A cast of 50 children. That’s the key feature about the Ascension Episcopal Church Drama Camp production of “The Princess with No Name,” performed Friday evening at the Westminster church.

“It’s about a princess who lost her memory. She did not know her name and she went through her forest meeting all these different fairy-tale characters to find out who she was,” said church member Betsy Reinders. “Some were helpful, and some some were not.”


Tyler Katz, 10, of Westminster, for instance, was playing one of the less helpful characters.

“I am a forest witch, but they turned it into a warlock, I think,” he said. “I just pull out Rapunzel’s hair.”

“Roberta Gore, she is the drama teacher at Francis Scott Key High School, and she found this online,” Reinders said. “It was a really good one we could stretch out for the number of children that we have. She has worked her magic to make sure everyone has a part.”

The large cast has actually had some advantages, according to Assistant Director Jason Campanella.

“It gives us a lot more freedom with what we can pull off,” he said. “For instance, the princess has 150 lines, but we’ve split that into several different parts so that everyone gets a time to shine.”

It also meant less lines to memorize with only a week to produce a play.

“I really like my lines,” said 11-year-old Megan Black, of Westminster, who was playing Princess #2, though she said her favorite line is uttered by another character. “My favorite line in the whole play is when Cinderella says, ‘The space time continuum.’ ”

“It’s a very funny play with lots of little bits of humor in there to modernize it,” Reinders added.

For many of the children acting in the play, it was their second time through the drama camp.

“I am a bear and a fairy. Last year I was a starling,” 7-year-old Katelyn Allender, of Upperco, said during rehearsals Friday afternoon. “As a fairy I will just be dancing and as a bear I will be talking to the dwarves.”

Katelyn’s favorite part of the play?

“When the fairies get to move the other people, that’s just really funny,” she said. “You can bend them over and make them on one foot and stuff, and they have to stay like that until we leave.”

The drama camp is part of the church’s annual summer activities, which consist of multiple two- to three-hour day camp activities, from cake decorating to bird watching, and two weeklong camps, Bible camp and drama camp, according to Reinders.
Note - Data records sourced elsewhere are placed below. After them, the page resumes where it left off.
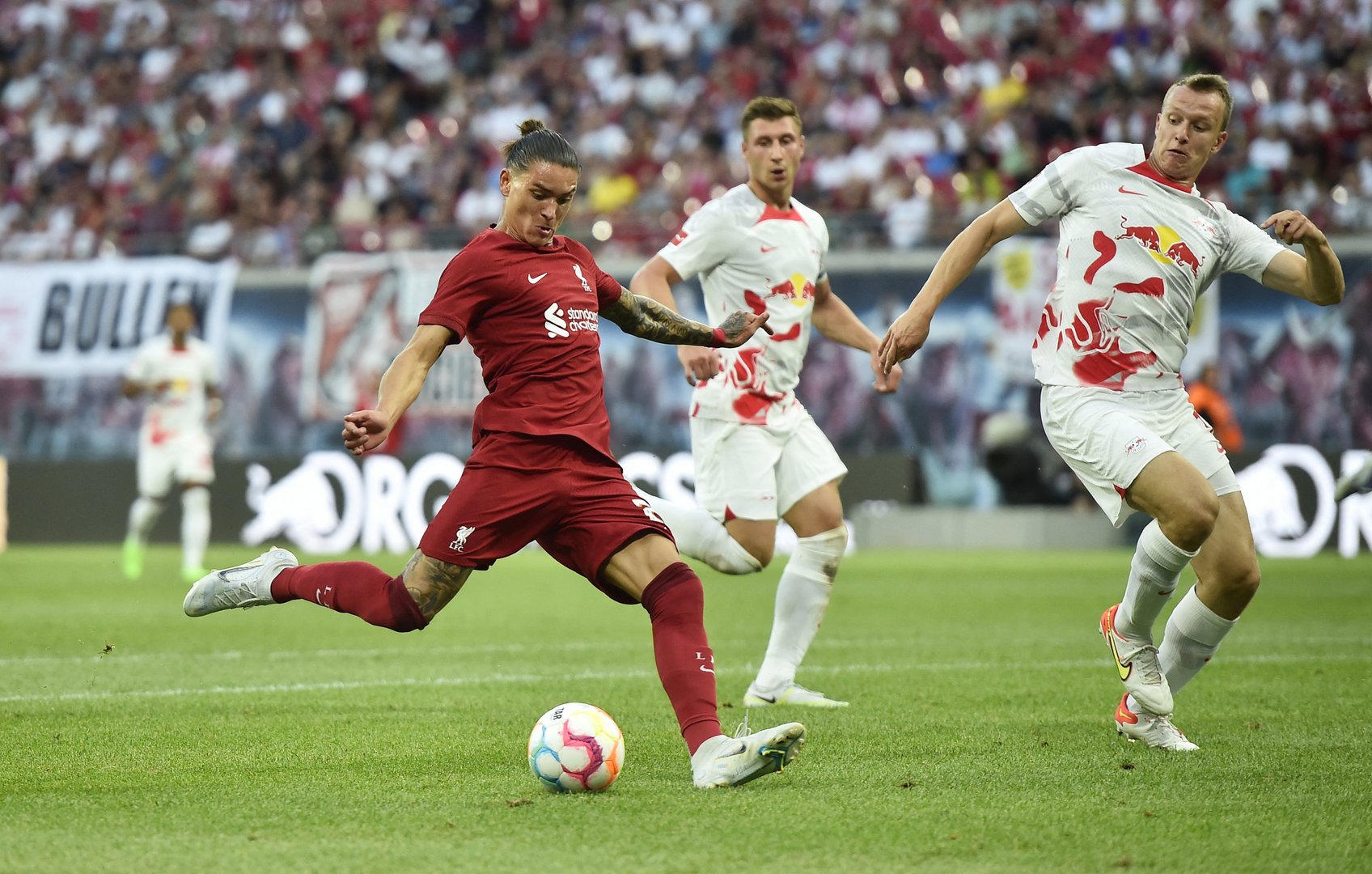 image Nunez needs to &#8216;calm down&#8217; in front of goal, says Klopp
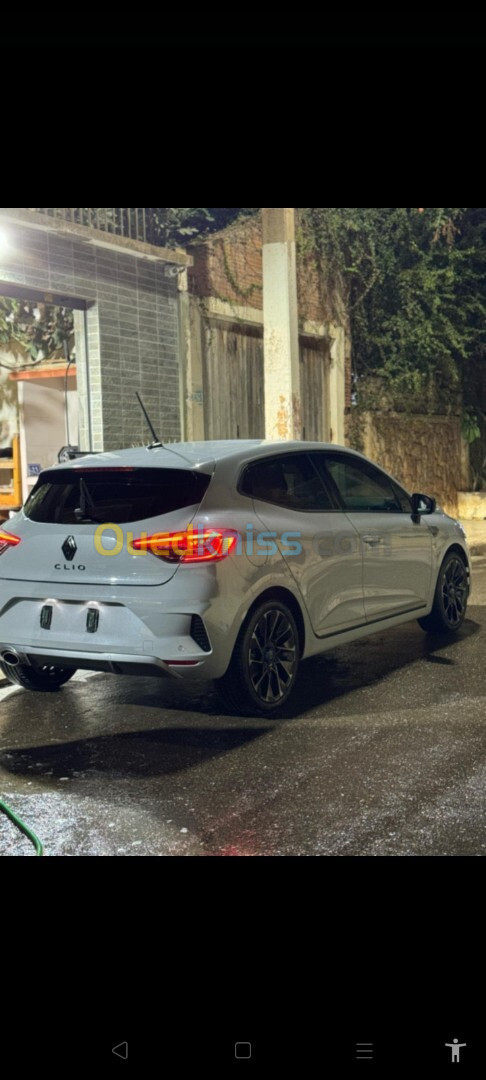 Renault Clio 2024 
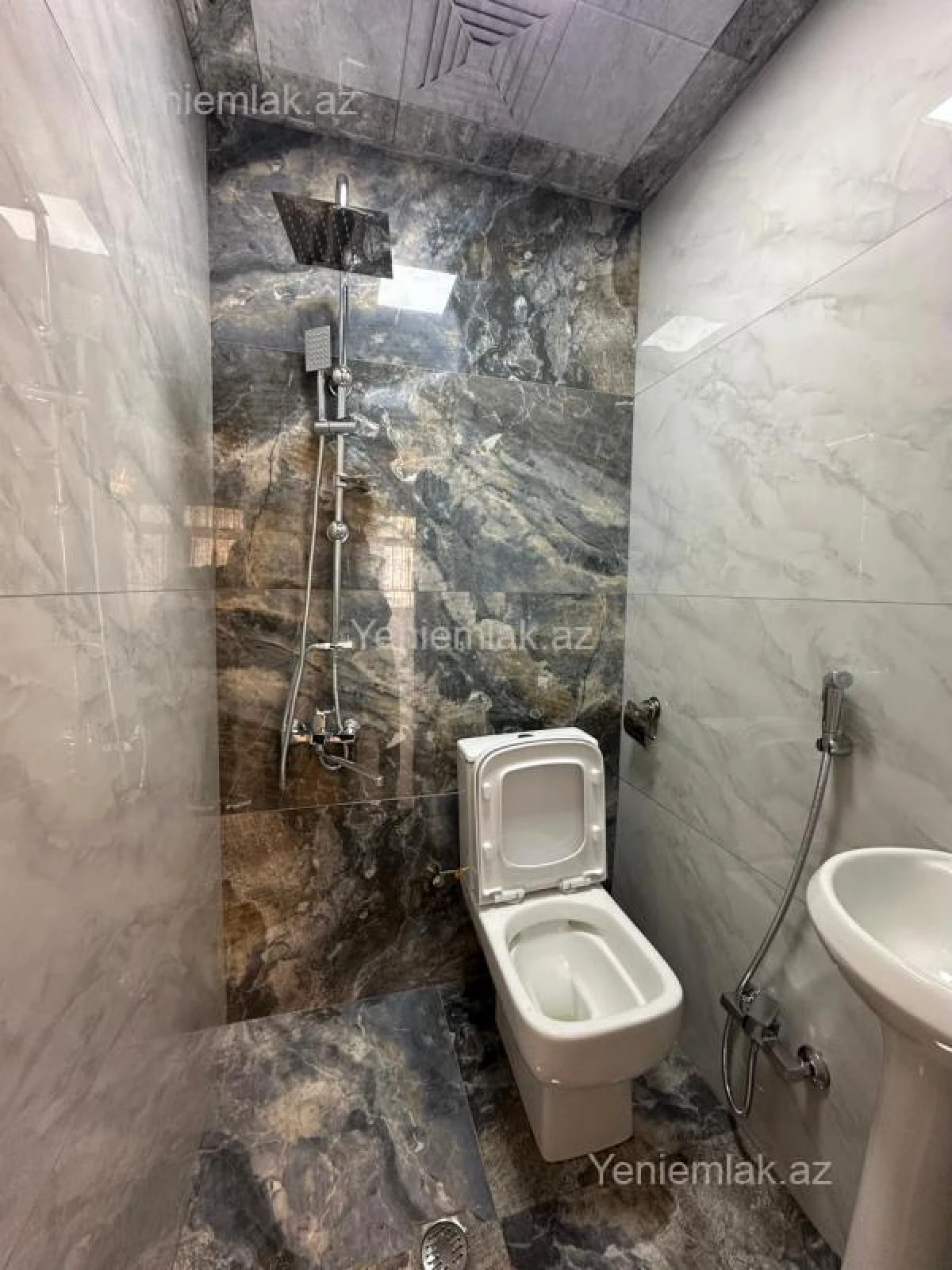 Satılır 4 otaqlı köhnə tikili 110 m²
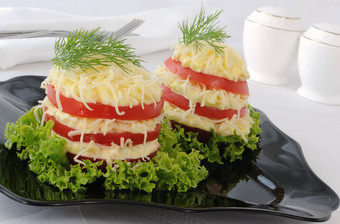 开胃菜番茄片锋利的奶酪填充
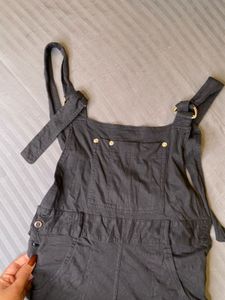 fitted black dungiri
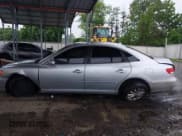 ✅ 2009 Hyundai Azera Limited • VIN: KMHFC46F39A370401 • Lot: 42370957. Listed on IAAI with 202,696 mi. Free auction sales archive from the USA and detailed vehicle history report at DreamBid. Image 14.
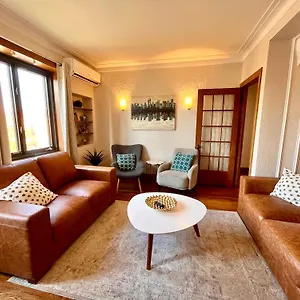 Mtlvacationrentals-the Mtlvr Kisses , Montreal Canada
The free camps tend to fill up quickly, according to interim children’s and youth minister Abigail Wright.


“We had 119 kids that signed up this summer, in total — 72 families,” Wright said. “We offered 37 different events throughout the summer, and two of those are our big weeklong events.”

For families interested in having their children attend drama camp or any other part of the church’s summer activities, Wright suggests checking the church website,, in late spring is a good idea.
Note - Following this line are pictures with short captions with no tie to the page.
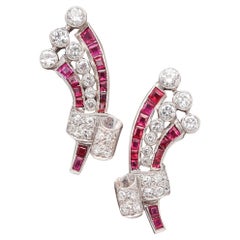 GARRARD & CO Clips d'oreilles Art déco 1930, diamants et rubis 4,38 carats VS
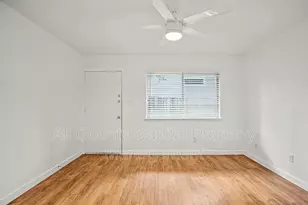 502 W 35th St, Austin, TX 78705 - Photo 2
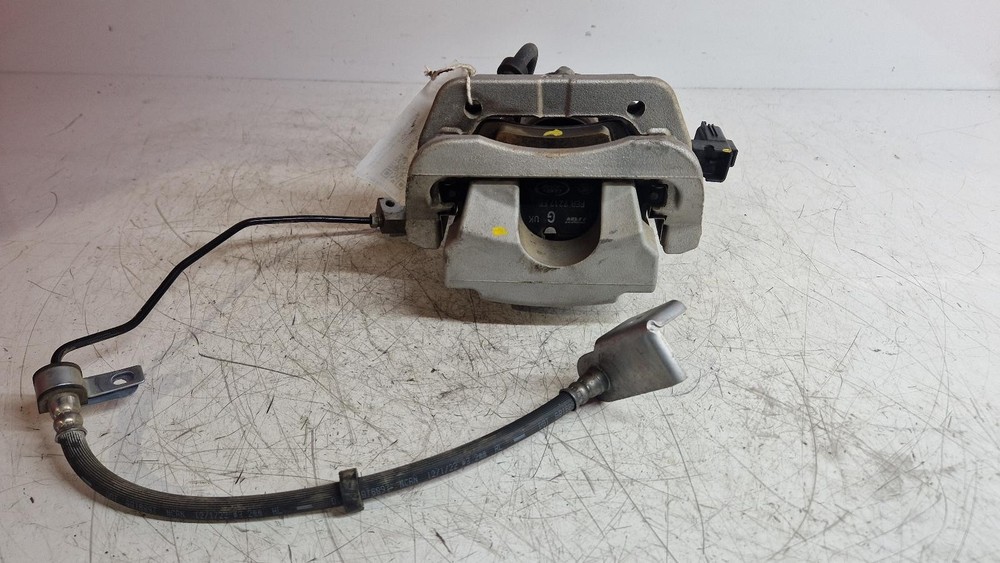 LANDROVER DEFENDER L663 2023 LEFT REAR BRAKE CALIPER 3.0L DIESEL D250 LR102246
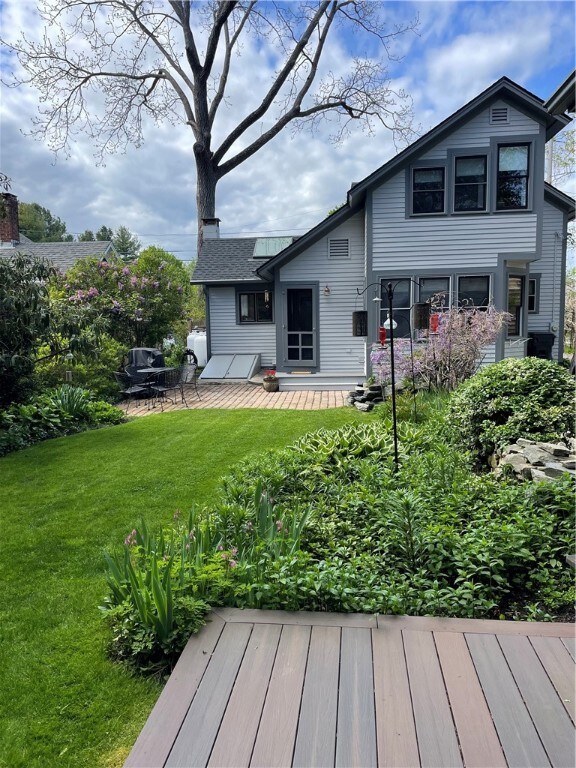 36 Mechanic St, Wakefield, RI 02879 - photo 2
“I would say the end of May is when it will get posted,” she said.

There are likely to be some repeat customers there, including 11-year-old Caleb Beam, of Manchester, who plans to come back next year for a third turn on the drama camp stage. This year he played a guard, felt no stage fright, and really looked forward to capping the night off at the end of the play.

“I’m excited about the bow part,” he said.